Dealing with longitudinal population surveillance data

SAPRIN published its first consolidated longitudinal population dataset in April this year (link). Since then we have conducted several training sessions using this data and we have also received feedback from users of the dataset. This is the first in a series blogs we will do to describe the process of preparing the second dataset release early next year.

In this installment I want to explain how we go about the basic task of accurately and comprehensively representing a record of everyone who is under surveillance over time. In order to do this, we first must explain who are eligible to be included in the surveillance:

For an individual to eligible for inclusion in the surveillance, the individual must be a member of a household resident within the geographic boundaries of a SAPRIN node. For a household to be resident, it must have at least one household member who is resident within the surveillance area. Households and household membership are self-defined by the household informant interviewed by the fieldworker at their place of residence (or during a telephonic interview with the household informant). Household members so identified could be resident, that is sleep the majority of nights at this household’s place of residence, or could be resident elsewhere (usually outside the surveillance area, but potentially within the surveillance area, in which case they will be a resident household member of the household resident at that place. (See Note 1). The resident status of household members can change: they can move out of the surveillance area to be resident elsewhere, but still be considered household members (so-called ‘temporary migration’), such cases are reflected in the data as episodes of external residence; or temporary migrants can return to take up residence again with the household, initiating a new episode of residence internal to the surveillance area.

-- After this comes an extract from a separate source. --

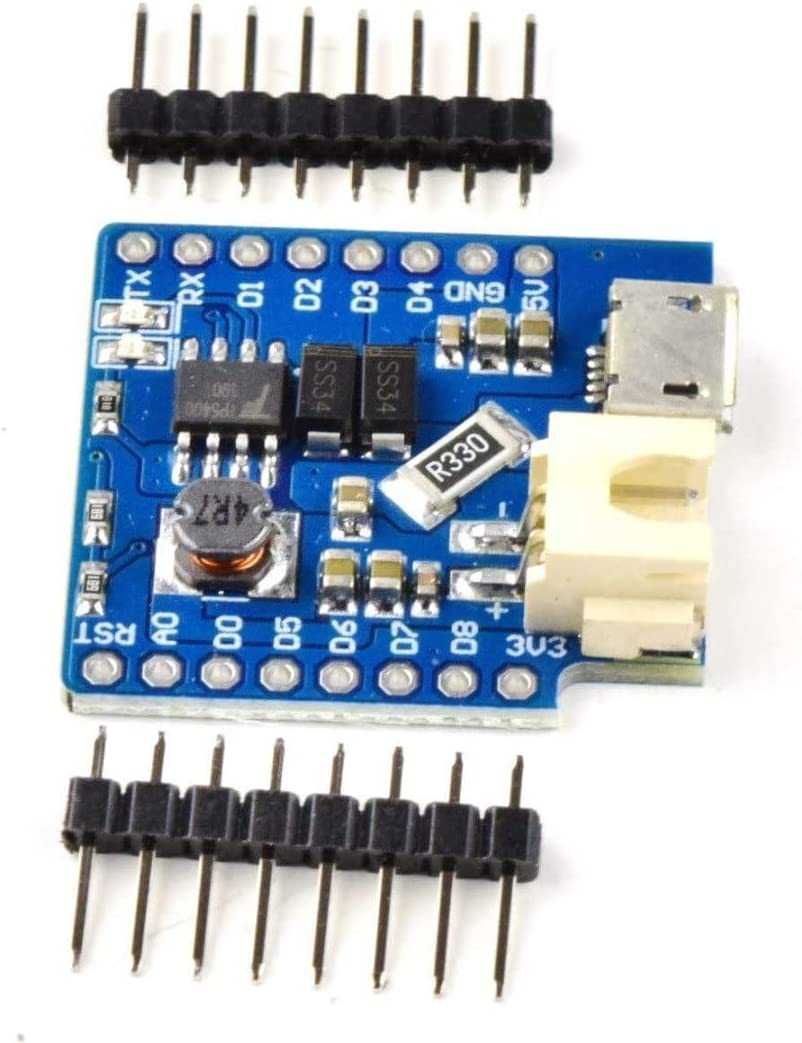 Battery Shield V1.1.0 WeMos D1 mini (Зарядний акумуляторний модуль)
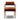 Angular Metal & Wood Upholstered Dining Chair in Altair Sienna – front view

In addition to these periods of internal and external residence punctuated by in- and outmigration, surveillance episodes can be started by the birth of an individual, if the child is born to a resident mother, their birth starts a period of internal residency for the child; if the child is born to a mother who is a temporary migrant (externally resident) and the child is considered to be a member of the household, a period of external residency ensues for the child. Residency episodes (whether internal or external) are of course terminated by the death of the individual, if that happens whilst the individual is under surveillance.

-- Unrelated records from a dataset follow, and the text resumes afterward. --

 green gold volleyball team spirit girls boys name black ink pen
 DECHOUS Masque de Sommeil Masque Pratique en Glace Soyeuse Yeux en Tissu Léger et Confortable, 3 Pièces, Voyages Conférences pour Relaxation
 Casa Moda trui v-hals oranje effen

All SAPRIN nodes conducted a baseline household census at their beginning and all individuals enrolled at this point start their surveillance episode with enumeration. However, nodes may extend their area of surveillance at certain points after the initial household census, by doing another baseline census in these new areas, and all individuals enrolled then, also start their surveillance episodes with enumeration (See Note 2).

This dataset represents a snapshot of the continually evolving data in the underlying longitudinal databases maintained by the SAPRIN nodes. In these databases the rightmost extend of the individual’s surveillance episode is indicated by the data collection date of the last time the individual’s membership of a household under surveillance has been confirmed. Each dataset has a right censor date (See Note 3) and individual surveillance episodes are terminated at that point if the individual is still under surveillance beyond the cut-off date.

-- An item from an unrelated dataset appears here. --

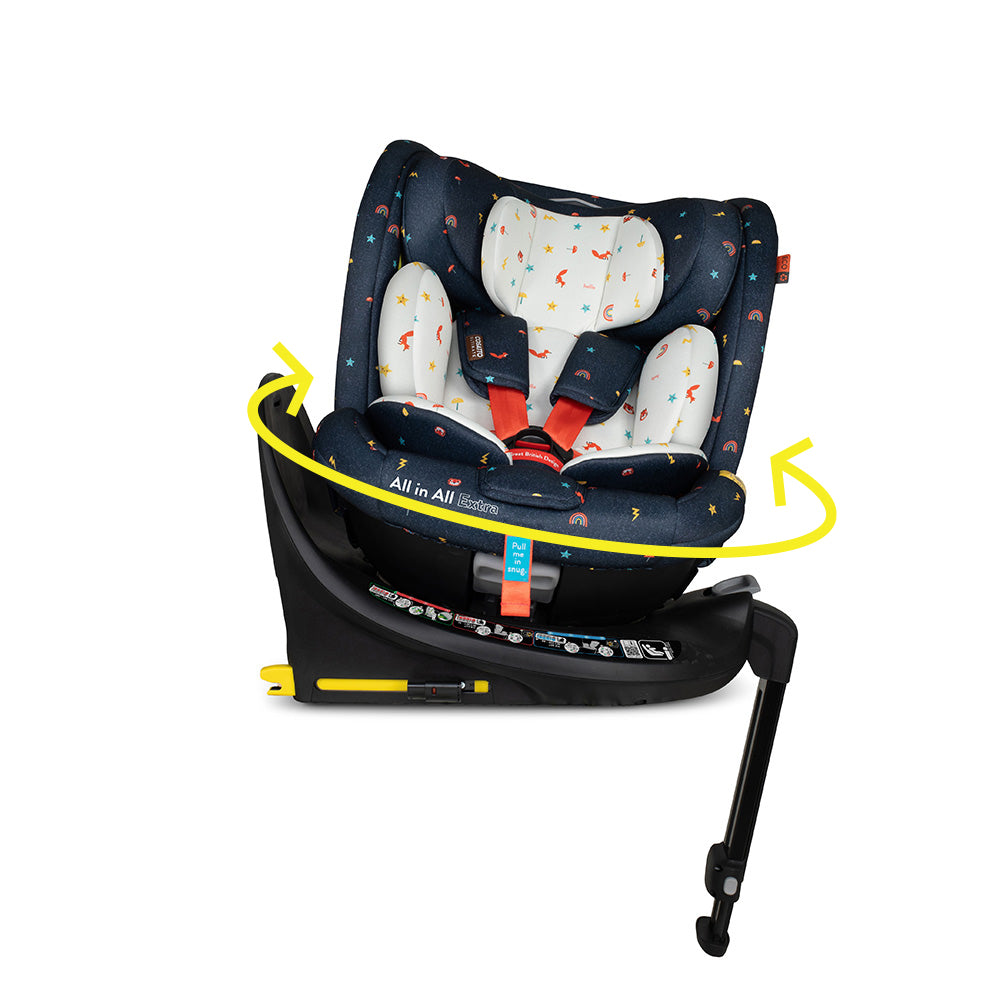 All in All Extra i-Size 360 Kindersitz - Doodle Days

Each individual surveillance episode is associated with a physical location, for internal residency episodes it is the actual place of residence of the individual, for external residence episodes (periods of temporary migration) it is the place of residence of the individual’s household. If an individual change their place of residency from one location within the surveillance area to another location still within the surveillance area, the episode at the original location is terminated with a location exit event, and a new episode starts with a location entry event at the destination location. It is also possible for the household the individual is a member of, to change their place of residency in the surveillance area, whilst the individual is externally resident (is a temporary migrant), in which case the individual’s external resident episode will also be split with a location exit-entry pair of events.

At every household visit written consent is obtained from the household respondent for continued participation in the surveillance and such consent can be withdrawn. When this happens all household members’ surveillance episodes are terminated with a refusal event. It is possible for households to again provide consent to participate in the surveillance after some time, in such cases surveillance events are restarted with a permission event.

As mentioned previously, surveillance episodes are continually extended by the last data collection event if the individual remains under surveillance. In certain cases, individuals may be lost to follow-up and surveillance episodes where the date of last data collection is more than one year prior to the right censor data are terminated as lost to follow up at that last data collection date. Individuals with data collection dates within a year of the right censor date is considered still to be under surveillance up to this last data collection date.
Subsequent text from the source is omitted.